Task statement: An exact restatement of every record is required.

Material for this task:
= = =
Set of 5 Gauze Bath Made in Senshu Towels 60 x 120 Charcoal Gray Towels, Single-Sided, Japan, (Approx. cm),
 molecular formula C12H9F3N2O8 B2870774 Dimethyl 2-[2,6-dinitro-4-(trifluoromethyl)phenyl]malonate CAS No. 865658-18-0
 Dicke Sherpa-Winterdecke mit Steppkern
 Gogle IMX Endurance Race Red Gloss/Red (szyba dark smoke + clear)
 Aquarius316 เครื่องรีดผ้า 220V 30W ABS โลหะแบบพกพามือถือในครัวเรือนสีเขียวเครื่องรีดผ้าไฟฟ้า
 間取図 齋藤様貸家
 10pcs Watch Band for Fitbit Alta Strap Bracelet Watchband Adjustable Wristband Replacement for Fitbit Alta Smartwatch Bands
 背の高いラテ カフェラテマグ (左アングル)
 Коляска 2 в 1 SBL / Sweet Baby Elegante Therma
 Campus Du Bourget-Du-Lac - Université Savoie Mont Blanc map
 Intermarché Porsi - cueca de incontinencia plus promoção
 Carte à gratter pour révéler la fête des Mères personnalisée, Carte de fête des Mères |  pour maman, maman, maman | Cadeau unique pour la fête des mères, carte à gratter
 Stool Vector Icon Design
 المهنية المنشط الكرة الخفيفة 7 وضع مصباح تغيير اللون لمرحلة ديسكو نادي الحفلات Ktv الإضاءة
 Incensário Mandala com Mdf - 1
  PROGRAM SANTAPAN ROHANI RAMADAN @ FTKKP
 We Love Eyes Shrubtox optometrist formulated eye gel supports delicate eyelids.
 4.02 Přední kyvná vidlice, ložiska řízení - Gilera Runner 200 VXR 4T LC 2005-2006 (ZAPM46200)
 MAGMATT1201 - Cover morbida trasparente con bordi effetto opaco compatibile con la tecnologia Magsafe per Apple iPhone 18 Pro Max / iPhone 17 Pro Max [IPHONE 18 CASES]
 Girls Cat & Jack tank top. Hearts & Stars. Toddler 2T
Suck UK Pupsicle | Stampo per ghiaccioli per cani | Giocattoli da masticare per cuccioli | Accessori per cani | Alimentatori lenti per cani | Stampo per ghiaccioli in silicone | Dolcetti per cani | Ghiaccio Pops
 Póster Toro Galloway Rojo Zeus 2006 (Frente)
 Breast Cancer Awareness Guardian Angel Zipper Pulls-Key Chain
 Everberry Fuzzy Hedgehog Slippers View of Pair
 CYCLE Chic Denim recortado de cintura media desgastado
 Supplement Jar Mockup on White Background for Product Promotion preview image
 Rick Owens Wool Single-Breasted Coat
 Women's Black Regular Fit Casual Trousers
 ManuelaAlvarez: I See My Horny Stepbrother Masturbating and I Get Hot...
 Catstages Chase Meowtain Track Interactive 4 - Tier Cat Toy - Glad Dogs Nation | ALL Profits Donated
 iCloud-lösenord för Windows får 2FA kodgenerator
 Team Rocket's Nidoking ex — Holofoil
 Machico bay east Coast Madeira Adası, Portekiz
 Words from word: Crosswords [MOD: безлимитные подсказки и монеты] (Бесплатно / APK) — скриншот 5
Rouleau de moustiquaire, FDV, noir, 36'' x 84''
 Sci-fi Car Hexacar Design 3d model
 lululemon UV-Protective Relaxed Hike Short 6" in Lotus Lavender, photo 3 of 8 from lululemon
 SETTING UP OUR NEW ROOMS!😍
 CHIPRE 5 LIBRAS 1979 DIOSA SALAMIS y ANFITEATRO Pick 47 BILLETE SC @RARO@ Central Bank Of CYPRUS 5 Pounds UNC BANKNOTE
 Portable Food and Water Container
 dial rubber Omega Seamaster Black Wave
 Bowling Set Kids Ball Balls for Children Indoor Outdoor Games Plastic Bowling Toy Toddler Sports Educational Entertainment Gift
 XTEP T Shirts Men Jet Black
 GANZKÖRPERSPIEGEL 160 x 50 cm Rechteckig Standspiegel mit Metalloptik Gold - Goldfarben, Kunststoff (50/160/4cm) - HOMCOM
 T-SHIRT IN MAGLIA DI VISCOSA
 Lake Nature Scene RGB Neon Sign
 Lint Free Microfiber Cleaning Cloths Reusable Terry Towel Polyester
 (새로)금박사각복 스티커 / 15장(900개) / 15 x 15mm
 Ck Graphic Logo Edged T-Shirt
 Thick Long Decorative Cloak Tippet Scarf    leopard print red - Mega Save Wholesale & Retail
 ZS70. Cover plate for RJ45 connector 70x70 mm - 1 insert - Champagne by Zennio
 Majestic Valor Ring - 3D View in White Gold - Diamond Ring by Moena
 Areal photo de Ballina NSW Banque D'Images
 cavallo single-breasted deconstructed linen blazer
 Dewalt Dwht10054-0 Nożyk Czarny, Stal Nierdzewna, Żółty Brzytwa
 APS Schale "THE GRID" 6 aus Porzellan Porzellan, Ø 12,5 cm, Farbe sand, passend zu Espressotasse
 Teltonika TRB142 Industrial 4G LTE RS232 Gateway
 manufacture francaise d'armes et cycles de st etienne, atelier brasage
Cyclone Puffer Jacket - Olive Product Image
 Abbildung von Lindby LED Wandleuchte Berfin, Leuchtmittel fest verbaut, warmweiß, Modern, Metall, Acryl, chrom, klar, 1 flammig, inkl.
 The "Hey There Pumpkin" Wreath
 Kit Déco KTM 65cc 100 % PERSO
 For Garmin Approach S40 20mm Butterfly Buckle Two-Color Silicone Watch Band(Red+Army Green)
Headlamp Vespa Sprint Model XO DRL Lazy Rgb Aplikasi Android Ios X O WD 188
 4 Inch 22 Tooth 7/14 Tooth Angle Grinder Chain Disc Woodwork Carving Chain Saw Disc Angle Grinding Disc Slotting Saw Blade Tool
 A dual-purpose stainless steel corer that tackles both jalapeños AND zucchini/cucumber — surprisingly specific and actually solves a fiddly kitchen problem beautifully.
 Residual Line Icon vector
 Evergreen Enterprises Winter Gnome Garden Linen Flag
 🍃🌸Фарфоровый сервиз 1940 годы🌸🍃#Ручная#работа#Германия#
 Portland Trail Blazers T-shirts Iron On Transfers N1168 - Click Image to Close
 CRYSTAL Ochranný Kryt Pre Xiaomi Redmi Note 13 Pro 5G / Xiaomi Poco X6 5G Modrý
= = =
Solution below:
Set of 5 Gauze Bath Made in Senshu Towels 60 x 120 Charcoal Gray Towels, Single-Sided, Japan, (Approx. cm),
 molecular formula C12H9F3N2O8 B2870774 Dimethyl 2-[2,6-dinitro-4-(trifluoromethyl)phenyl]malonate CAS No. 865658-18-0
 Dicke Sherpa-Winterdecke mit Steppkern
 Gogle IMX Endurance Race Red Gloss/Red (szyba dark smoke + clear)
 Aquarius316 เครื่องรีดผ้า 220V 30W ABS โลหะแบบพกพามือถือในครัวเรือนสีเขียวเครื่องรีดผ้าไฟฟ้า
 間取図 齋藤様貸家
 10pcs Watch Band for Fitbit Alta Strap Bracelet Watchband Adjustable Wristband Replacement for Fitbit Alta Smartwatch Bands
 背の高いラテ カフェラテマグ (左アングル)
 Коляска 2 в 1 SBL / Sweet Baby Elegante Therma
 Campus Du Bourget-Du-Lac - Université Savoie Mont Blanc map
 Intermarché Porsi - cueca de incontinencia plus promoção
 Carte à gratter pour révéler la fête des Mères personnalisée, Carte de fête des Mères |  pour maman, maman, maman | Cadeau unique pour la fête des mères, carte à gratter
 Stool Vector Icon Design
 المهنية المنشط الكرة الخفيفة 7 وضع مصباح تغيير اللون لمرحلة ديسكو نادي الحفلات Ktv الإضاءة
 Incensário Mandala com Mdf - 1
  PROGRAM SANTAPAN ROHANI RAMADAN @ FTKKP
 We Love Eyes Shrubtox optometrist formulated eye gel supports delicate eyelids.
 4.02 Přední kyvná vidlice, ložiska řízení - Gilera Runner 200 VXR 4T LC 2005-2006 (ZAPM46200)
 MAGMATT1201 - Cover morbida trasparente con bordi effetto opaco compatibile con la tecnologia Magsafe per Apple iPhone 18 Pro Max / iPhone 17 Pro Max [IPHONE 18 CASES]
 Girls Cat & Jack tank top. Hearts & Stars. Toddler 2T
Suck UK Pupsicle | Stampo per ghiaccioli per cani | Giocattoli da masticare per cuccioli | Accessori per cani | Alimentatori lenti per cani | Stampo per ghiaccioli in silicone | Dolcetti per cani | Ghiaccio Pops
 Póster Toro Galloway Rojo Zeus 2006 (Frente)
 Breast Cancer Awareness Guardian Angel Zipper Pulls-Key Chain
 Everberry Fuzzy Hedgehog Slippers View of Pair
 CYCLE Chic Denim recortado de cintura media desgastado
 Supplement Jar Mockup on White Background for Product Promotion preview image
 Rick Owens Wool Single-Breasted Coat
 Women's Black Regular Fit Casual Trousers
 ManuelaAlvarez: I See My Horny Stepbrother Masturbating and I Get Hot...
 Catstages Chase Meowtain Track Interactive 4 - Tier Cat Toy - Glad Dogs Nation | ALL Profits Donated
 iCloud-lösenord för Windows får 2FA kodgenerator
 Team Rocket's Nidoking ex — Holofoil
 Machico bay east Coast Madeira Adası, Portekiz
 Words from word: Crosswords [MOD: безлимитные подсказки и монеты] (Бесплатно / APK) — скриншот 5
Rouleau de moustiquaire, FDV, noir, 36'' x 84''
 Sci-fi Car Hexacar Design 3d model
 lululemon UV-Protective Relaxed Hike Short 6" in Lotus Lavender, photo 3 of 8 from lululemon
 SETTING UP OUR NEW ROOMS!😍
 CHIPRE 5 LIBRAS 1979 DIOSA SALAMIS y ANFITEATRO Pick 47 BILLETE SC @RARO@ Central Bank Of CYPRUS 5 Pounds UNC BANKNOTE
 Portable Food and Water Container
 dial rubber Omega Seamaster Black Wave
 Bowling Set Kids Ball Balls for Children Indoor Outdoor Games Plastic Bowling Toy Toddler Sports Educational Entertainment Gift
 XTEP T Shirts Men Jet Black
 GANZKÖRPERSPIEGEL 160 x 50 cm Rechteckig Standspiegel mit Metalloptik Gold - Goldfarben, Kunststoff (50/160/4cm) - HOMCOM
 T-SHIRT IN MAGLIA DI VISCOSA
 Lake Nature Scene RGB Neon Sign
 Lint Free Microfiber Cleaning Cloths Reusable Terry Towel Polyester
 (새로)금박사각복 스티커 / 15장(900개) / 15 x 15mm
 Ck Graphic Logo Edged T-Shirt
 Thick Long Decorative Cloak Tippet Scarf    leopard print red - Mega Save Wholesale & Retail
 ZS70. Cover plate for RJ45 connector 70x70 mm - 1 insert - Champagne by Zennio
 Majestic Valor Ring - 3D View in White Gold - Diamond Ring by Moena
 Areal photo de Ballina NSW Banque D'Images
 cavallo single-breasted deconstructed linen blazer
 Dewalt Dwht10054-0 Nożyk Czarny, Stal Nierdzewna, Żółty Brzytwa
 APS Schale "THE GRID" 6 aus Porzellan Porzellan, Ø 12,5 cm, Farbe sand, passend zu Espressotasse
 Teltonika TRB142 Industrial 4G LTE RS232 Gateway
 manufacture francaise d'armes et cycles de st etienne, atelier brasage
Cyclone Puffer Jacket - Olive Product Image
 Abbildung von Lindby LED Wandleuchte Berfin, Leuchtmittel fest verbaut, warmweiß, Modern, Metall, Acryl, chrom, klar, 1 flammig, inkl.
 The "Hey There Pumpkin" Wreath
 Kit Déco KTM 65cc 100 % PERSO
 For Garmin Approach S40 20mm Butterfly Buckle Two-Color Silicone Watch Band(Red+Army Green)
Headlamp Vespa Sprint Model XO DRL Lazy Rgb Aplikasi Android Ios X O WD 188
 4 Inch 22 Tooth 7/14 Tooth Angle Grinder Chain Disc Woodwork Carving Chain Saw Disc Angle Grinding Disc Slotting Saw Blade Tool
 A dual-purpose stainless steel corer that tackles both jalapeños AND zucchini/cucumber — surprisingly specific and actually solves a fiddly kitchen problem beautifully.
 Residual Line Icon vector
 Evergreen Enterprises Winter Gnome Garden Linen Flag
 🍃🌸Фарфоровый сервиз 1940 годы🌸🍃#Ручная#работа#Германия#
 Portland Trail Blazers T-shirts Iron On Transfers N1168 - Click Image to Close
 CRYSTAL Ochranný Kryt Pre Xiaomi Redmi Note 13 Pro 5G / Xiaomi Poco X6 5G Modrý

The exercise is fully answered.